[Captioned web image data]

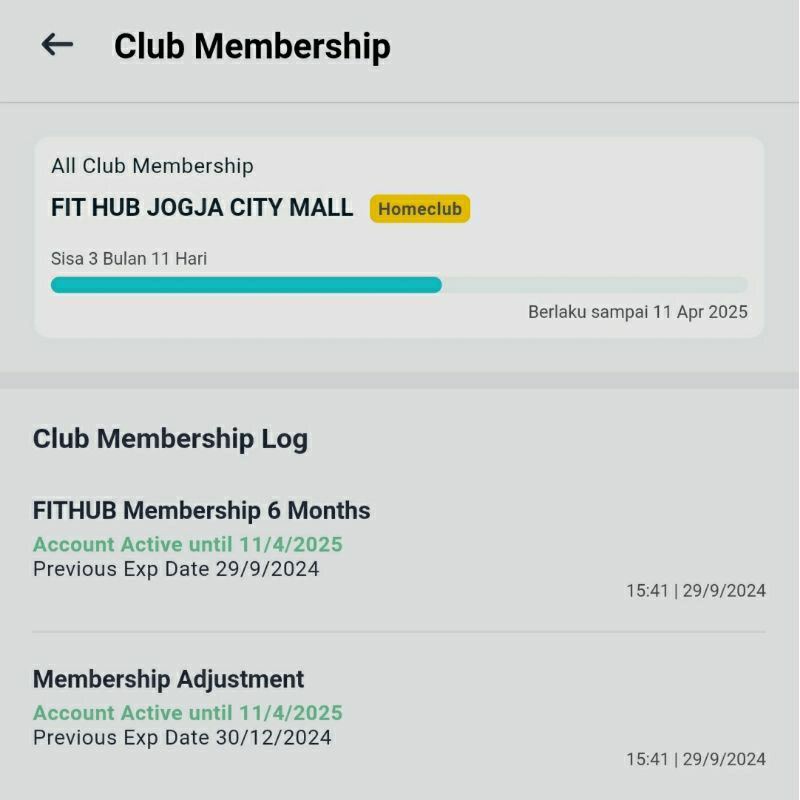 Transfer Membership Fithub 3 bulan 875k, include biaya transfer member 3 bulan.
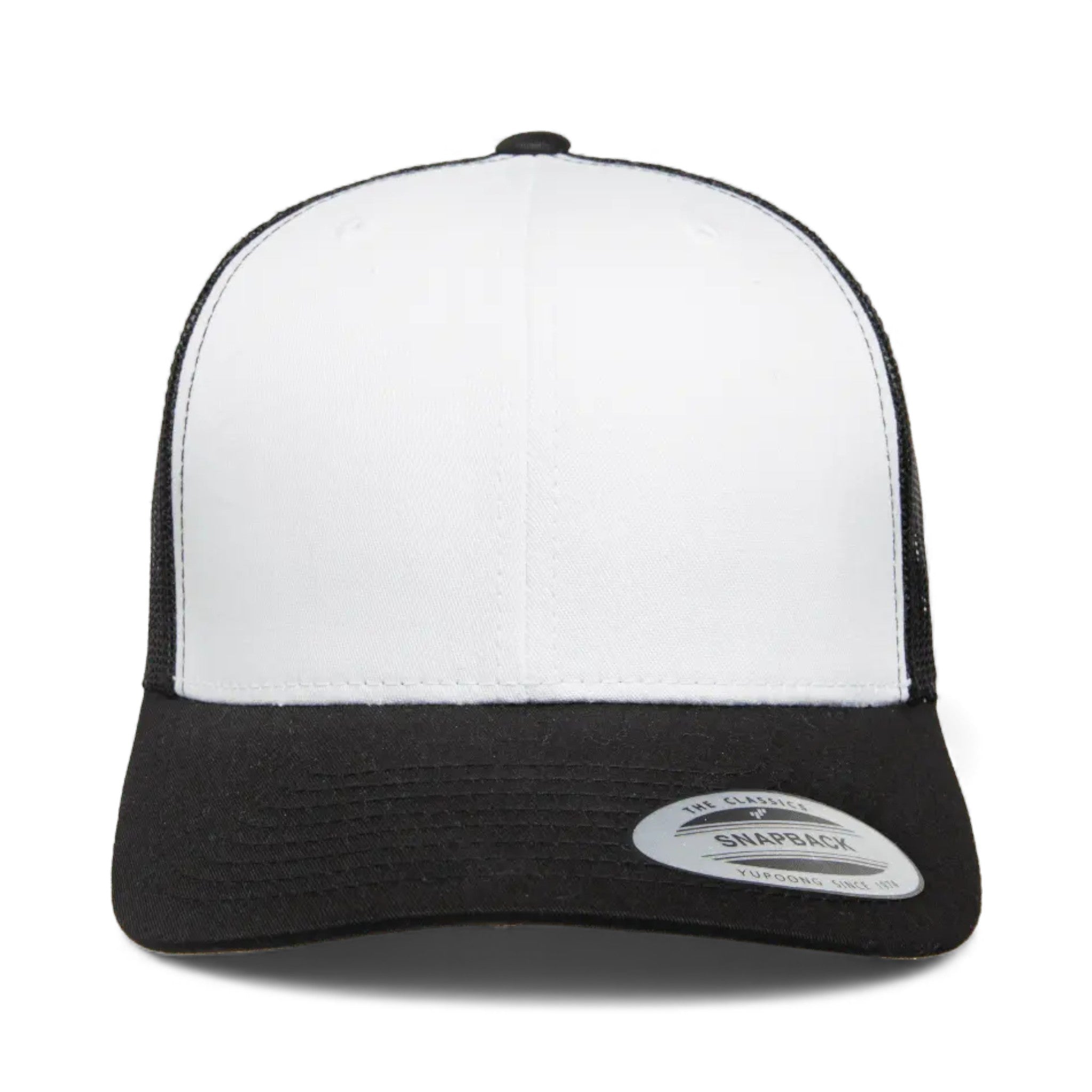 Front view of YP Classics 6606 custom hat in black, white and black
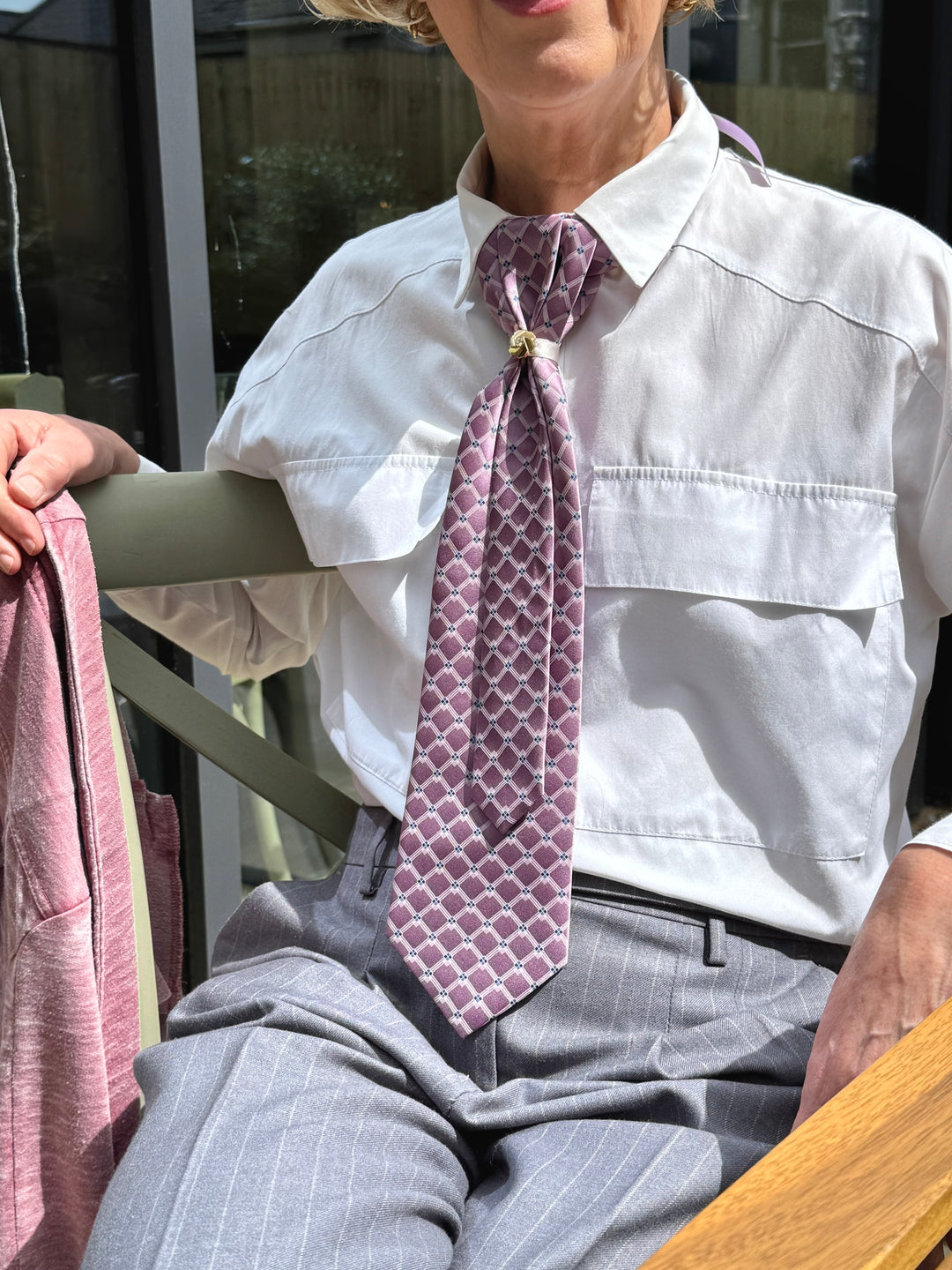 Lydia Silk Tie - in Lilac with Blue Accent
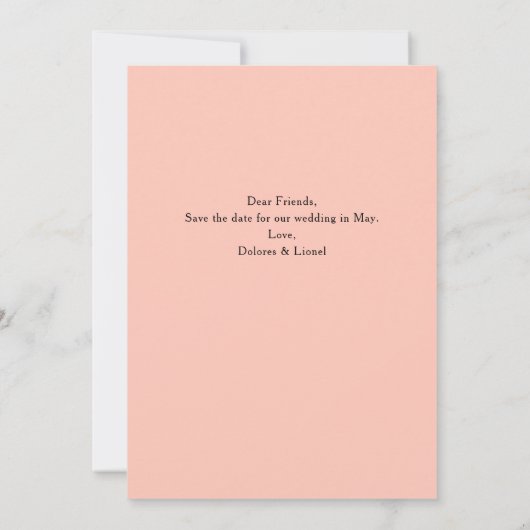 Peach Script Photo Minimalist De datum opslaan Kaart (Achterkant)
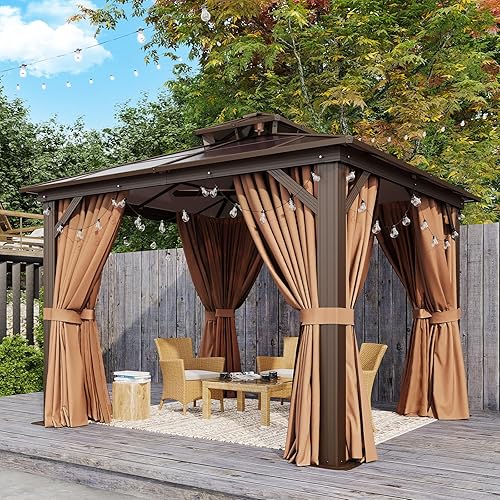 Aoxun 10'x10' Hardtop Gazebo, Outdoor Polycarbonate Double Top Canopy, Aluminum Frame Gazebo with Netting and Curtains, Sunshade for Patios, Gardens, Lawns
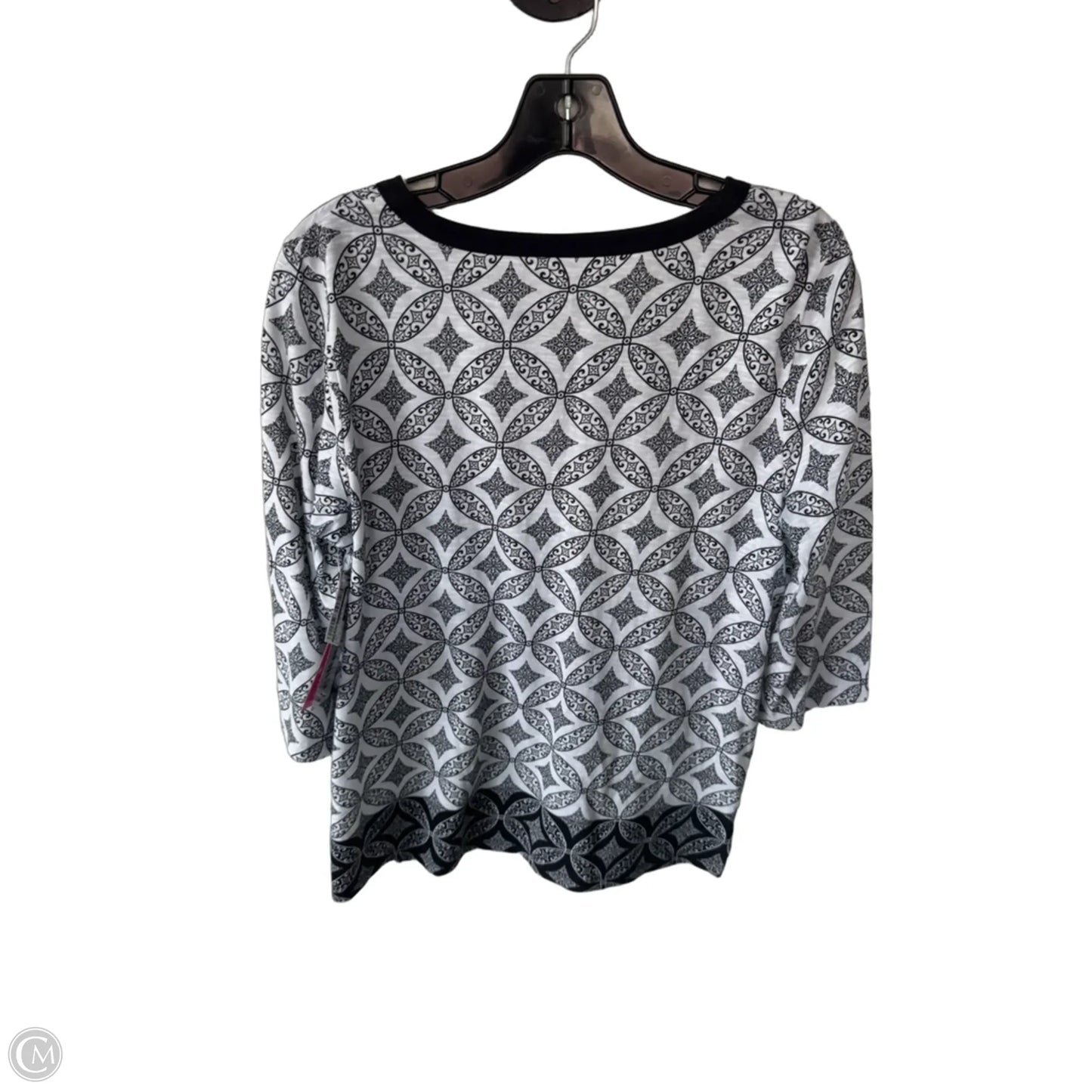 Top 3/4 Sleeve By Talbots In Black & White, Size: Mp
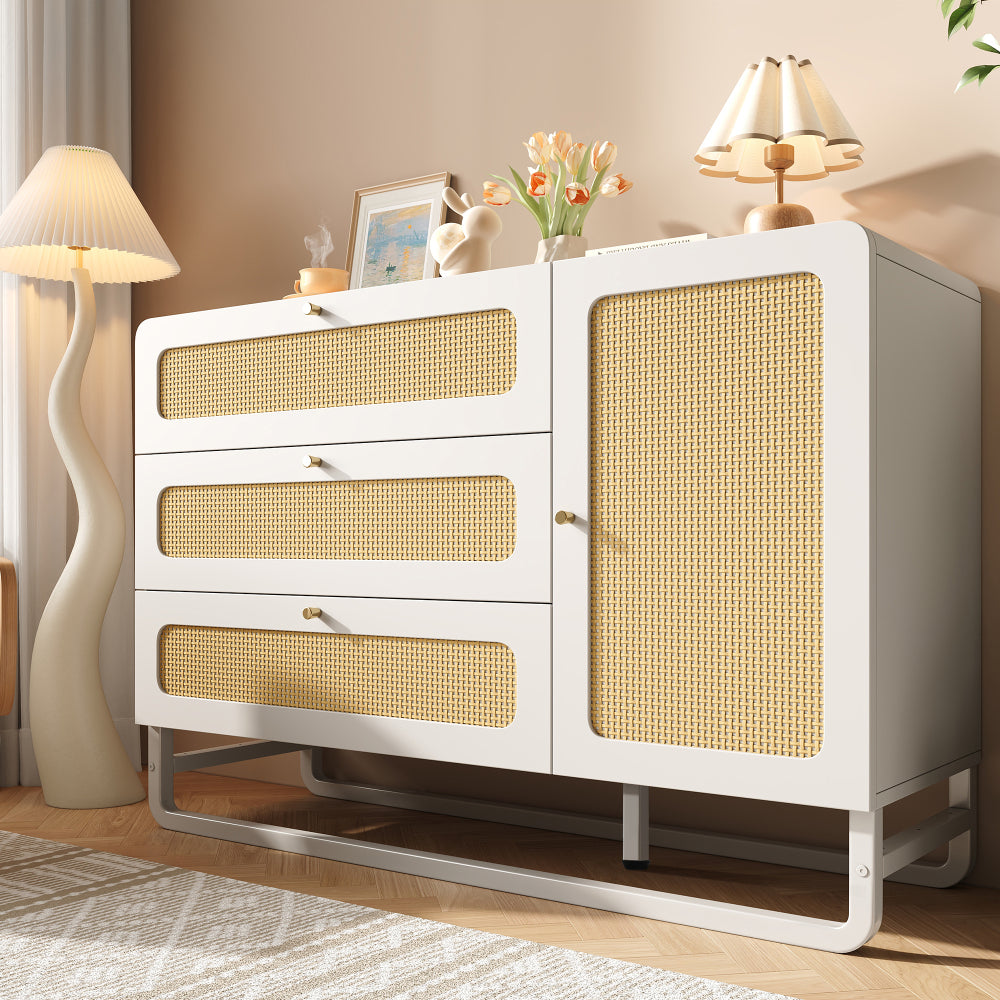 Dressoir – Sideboard – Opbergkast – Ladekast – Buffetkast – Modern Design – Vlechtwerk Met Gouden Accenten – 3 Lades & Deur – Verstelbare Planken – Anti-Kantelbeveiliging – Ruimtebesparend 120x85x40 cm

▶ _What needs to be done_:
No picture is to be printed. Output exactly the lines above from the line containing "Lydia Silk Tie - in Lilac with Blue Accent" through the line containing "Top 3/4 Sleeve".

▶ _The answer_:
 Lydia Silk Tie - in Lilac with Blue Accent
 Peach Script Photo Minimalist De datum opslaan Kaart (Achterkant)
 Aoxun 10'x10' Hardtop Gazebo, Outdoor Polycarbonate Double Top Canopy, Aluminum Frame Gazebo with Netting and Curtains, Sunshade for Patios, Gardens, Lawns
 Top 3/4 Sleeve By Talbots In Black & White, Size: Mp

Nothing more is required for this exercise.